Boston Braves and Red Sox

From 1940 through 1950, with time out for United States Navy service in World War II, Britt was the voice of both the National League Braves and the American League Boston Red Sox, as the two teams broadcast home games only.

Because the MLB schedules were then arranged so that the two Boston clubs were never home on the same date, there were no schedule conflicts. As such, Britt was the voice of two pennant-winning clubs, the 1946 Red Sox and the 1948 Braves. At the close of the 1950 season, that arrangement ended and each team decided to air a full schedule of 154 games. Britt chose to stay with the Braves, and the Red Sox were left to look for their own #1 announcer.
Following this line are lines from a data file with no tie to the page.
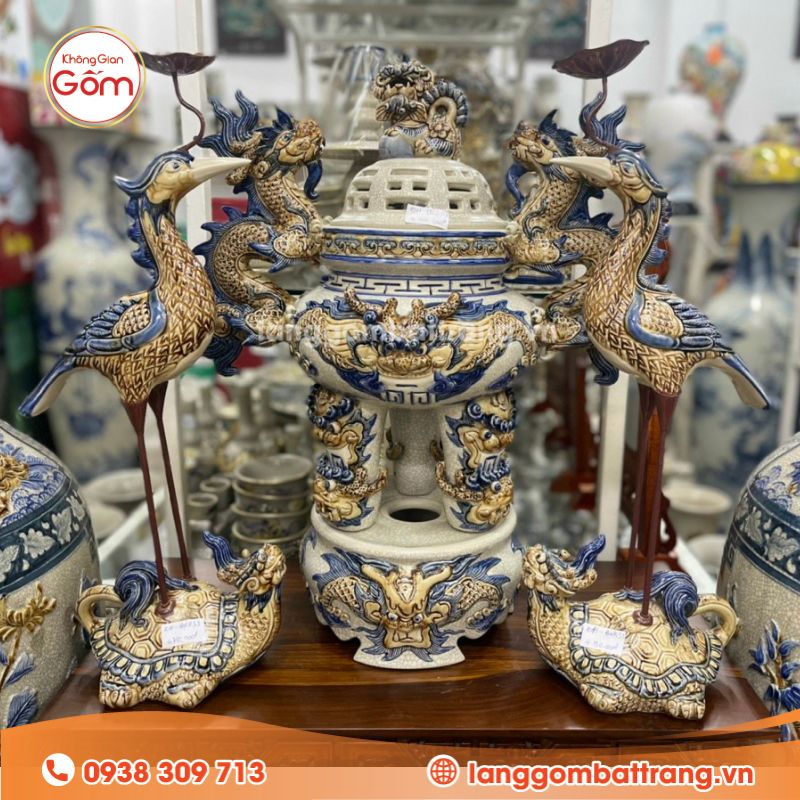 Đỉnh hạc thờ men rạn đắp rồng gốm Bát Tràng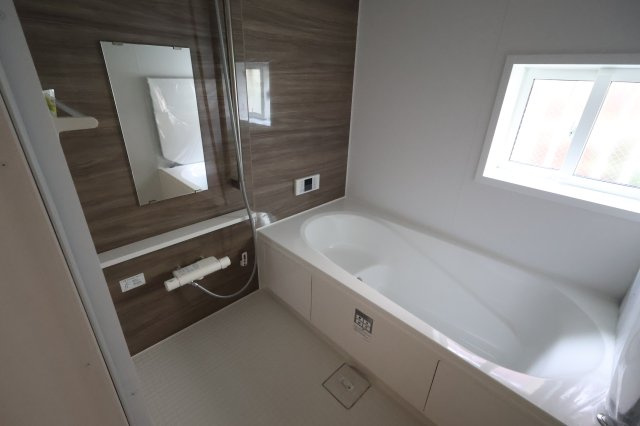 《仲介手数料無料》西区プラザ71-2新築一戸建てハートフルタウンの浴室|撮影日 2025年8月22日 11:50 晴れ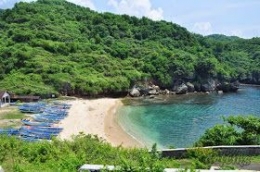 Pantai Gesing (sumber: itourer.blogspot.com)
As fate would have it, the Sox would hire the second-banana for the New York Yankees — a Mel Allen protege named Curt Gowdy — who would be Voice of the Red Sox for 15 years before moving on to NBC's Game of the Week and a place in the Baseball Hall of Fame as a Ford C. Frick Award winner. Meanwhile, the Braves' attendance fell disastrously in 1951 and 1952, and the club moved to Milwaukee during 1953 spring training.

Cleveland Indians

Britt did not accompany the Braves to Wisconsin. Instead, he joined the TV announcing crew of the Cleveland Indians in 1954, working through 1957 with Ken Coleman, a native of the Boston area (and Gowdy's eventual successor, in 1966, as Voice of the Red Sox). The highlight of Britt's Cleveland tenure was the Indians' 1954 American League pennant, although they lost in four straight games to the New York Giants in the 1954 World Series.

Britt participated in both the 1948 and 1950 World Series radio broadcasts, and worked on television for the 1949 and 1951 World Series. He also announced the 1951 baseball All-Star game and the 1953 Sugar Bowl football game.

Return to Boston

He returned to Boston in the late 1950s as a sports announcer for the city's ABC affiliate, then WHDH-TV, which also telecast Red Sox games. But Britt never regained his former role on Red Sox broadcasts. Instead, he initiated a popular candlepin bowling show that he would host until the late 1960s, and served as host of Dateline: Boston, a predessor to many of the modern-day magazine-style television programs.

Britt died in San Francisco, California, at age 70.